Are you researching an Indiana ancestor who died prior to civil death registration? Can't find his death date? Or researching an ancestor who died in IN after registration but you want more information? Not sure where to look? You may be in luck thanks to an often overlooked resource for Indiana-the probate packets.
On my most recent trip to Parke County, IN I was working on my NGS HSC lesson on probate records. The lesson called for me to do an inventory of the probate holdings available in the county so I was basically just snooping around the back room of the Clerk's Office. While they do have the standard ledgers that you see just about everywhere else, they also have a huge set of metal drawers that look like they're built into the wall. The only identifying info on the front of the drawers are little pieces of paper with typed years on them. So for this trip, I decided to find out what these drawers had inside. Boy was I surprised. Inside, were the complete probate files, often called case files in other states, with loose pages from the probate proceedings. Included in these folded up packets were things like the petitions for administration, inventories, recipts, and any other documents that had been presented to the court pertaining to an individual's probate case. Yes, several of these items were noted in the ledger books so you could find out when someone died from those as well, but with these packets, you're not just reading a notation in a ledger than an inventory was presented, you're looking at the inventory itself. More importantly, you're seeing the widow's petition for the release of the estate which can tell you any number of things such as names of children and whether she could write. You can also find out a great deal about extended family groups, such as the decedent's brothers which can help reconstruct another generational family group.

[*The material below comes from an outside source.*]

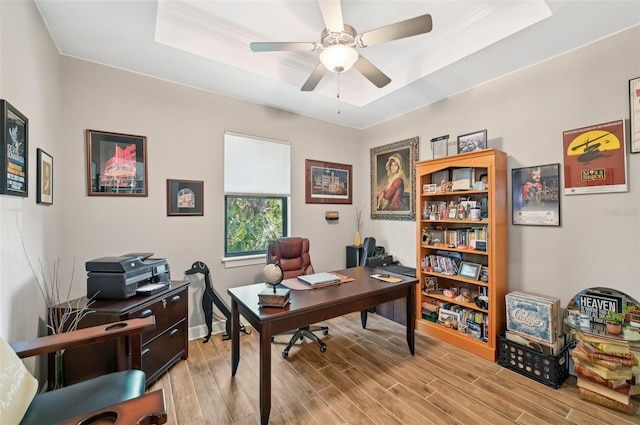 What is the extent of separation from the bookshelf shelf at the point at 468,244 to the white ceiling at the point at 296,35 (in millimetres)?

In one of the probate packets for a family member, I found that the widow did not present her own petition for the estate. Instead, her husband's brother did it for her and prior to this time, I had not been able to connect the decedent with anyone else in the county. Also, in the same drawer, right in front of that probate packet was another, thicker probate packet for someone else with the same surname. So I opened it up and found that this was another relation to my ancestor (I'm not entirely sure but I think it may be another brother) and that my ancestor was actually administering that estate when he died and included in that relation's packet was a receipt from my ancestor's widow showing that the new administrator had paid her for her husband's share of the estate to which he had been working to administer when he died. It was an unbelievable find and one that I wouldn't have been able to make so quickly without those packets. It's one thing to see the same surnames in a ledger book, but it takes quite a bit of work to go through and track all of those people and try to bring out the relationships between them without something like these packets with their personal letters spelling out relationships and things like receipts to tell you that yes, these people were related and had dealings with each other.
As stated initially, these probate packets are held by the county Clerk's Office. While the order books and will books and books of the Common Pleas Courts have been filmed by the FHL, these packets have largely been ignored, probably due to the fact that seeing the proceedings in the order books tend to answer the main question people have for these pre-registration deaths: when did so-and-so die? However, when you want to know more about the person than just when did they die, like what was their widow's name, or who administered the estate, or who were the children, the packets are invaluable. The can even tell you things you hadn't thought of yet like the names of two of your ancestor's brothers and those are all things that can seriously open up your research leading to older generations, maternal lines, and filling in previously unknown children. These packets should not be ignored just because you think you've answered the main when did he die question and that is why they are starting to come to the attention of others, such as the Indiana Genealogical Society, who are beginning the long process of indexing and digitizing these packets to both get them out there for researchers to discover and use and to preserve them for the future. I'm working on starting at least an indexing project for the Parke County packets right now so hopefully they'll start to become available in the near future as well.
If you've got Indiana ancestors, get out there and go through those packets! You never know what secrets they'll have inside.